Last Light‘s PC performance issues are perhaps more troublesome. I was having some fairly intense issues running the game on an AMD Radeon 6870 (with 8GB of RAM and an i5 3.4Ghz processor), and found that it ran much more smoothly on my other PC, which runs an Nvidia GeForce 660Ti (with 8GB of RAM and a i5 2.8Ghz). That said, I couldn’t get either machine to run the game well on my TV through HDMI; both games seemed stuck at 24-30 frames per second, no matter which settings or resolutions I chose. The only way to get them to run at a high framerate was to plug them into my PC monitor via DVI.

Metro: Last Light: The Kotaku Review

Late last week, PR advised reviewers to turn off PhysX on AMD cards, which does help performance, but the game still feels substantially less optimised for AMD machines. (Last Light carries the endorsement and branding of Nvidia, the company who make GeForce cards, but not of AMD.) On an AMD 6870, it’d generally run at High-to-Very High settings and keep at 40-60FPS, but often it would dip into the nether regions below 20FPS. On my GeForce card, however, it ran the same settings in a 45-60FPS sweet spot for the majority of the game, and only occasionally dipped down to 30.

I don’t have either console copy of Last Light, but Chris in the New York office has been testing out the 360 version and reports that it works for the most part, though it has crashed on him once. And, not to freak anyone out, but Luke played the game on an AMD 6950 and it completely fried his card after about 15 minutes of playtime. His video card is now unusable. Did the game cause that, or something else? There are too many variables to say for sure. I have yet to see anyone else report anything like that, at least.

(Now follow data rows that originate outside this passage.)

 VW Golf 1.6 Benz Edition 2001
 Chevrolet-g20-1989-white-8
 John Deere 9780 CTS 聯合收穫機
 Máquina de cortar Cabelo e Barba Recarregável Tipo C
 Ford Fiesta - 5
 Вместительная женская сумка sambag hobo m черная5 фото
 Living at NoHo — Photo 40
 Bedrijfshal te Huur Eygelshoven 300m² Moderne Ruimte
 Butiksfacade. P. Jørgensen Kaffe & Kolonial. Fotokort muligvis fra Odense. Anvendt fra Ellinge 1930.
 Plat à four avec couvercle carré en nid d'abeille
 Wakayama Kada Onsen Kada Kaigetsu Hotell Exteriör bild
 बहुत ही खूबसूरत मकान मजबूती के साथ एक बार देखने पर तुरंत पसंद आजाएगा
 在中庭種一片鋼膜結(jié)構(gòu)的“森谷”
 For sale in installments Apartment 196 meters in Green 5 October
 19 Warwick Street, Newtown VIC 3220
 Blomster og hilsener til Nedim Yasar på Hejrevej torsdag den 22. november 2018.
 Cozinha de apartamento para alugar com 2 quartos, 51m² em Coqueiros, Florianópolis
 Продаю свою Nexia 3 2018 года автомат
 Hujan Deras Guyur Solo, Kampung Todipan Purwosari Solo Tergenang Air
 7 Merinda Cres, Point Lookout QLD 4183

I don’t feel I have enough information to say anything definitive about the game’s PC performance, so I’ll keep an eye on forums once the game is out and there’s a larger sample-size of players. But what I can say definitively is that while Last Light mostly worked fine on my GeForce-based PC, this game has a few more technical problems than it ought to.

I’ve been emailing with Deep Silver PR about Last Light‘s performance issues, though I don’t yet have any official word on a patch or any planned fixes. I’ve also reached out to AMD to ask if they’re going to issue new drivers. I’ll update once I know more. For the time being, if you can bear to wait, I’d recommend holding off on Last Light if you’re using an AMD graphics card, as the game will hopefully get more playable in the near future. And hey, there’s already a Last Light-optimized beta driver out for GeForce cards, which I haven’t tested but which Nvidia claims further improves performance.

Despite those technical irritations, I very much enjoyed the majority of my time with Metro: Last Light. (Oh, the power of well-wrought atmosphere!) It’s a game of stark, nightmarish beauty, and while it borrows liberally from many other games — among them S.T.A.L.K.E.R., Half-Life 2, Far Cry 2 and its own predecessor — Last Light still manages to forge a weighty, worthy identity of its own.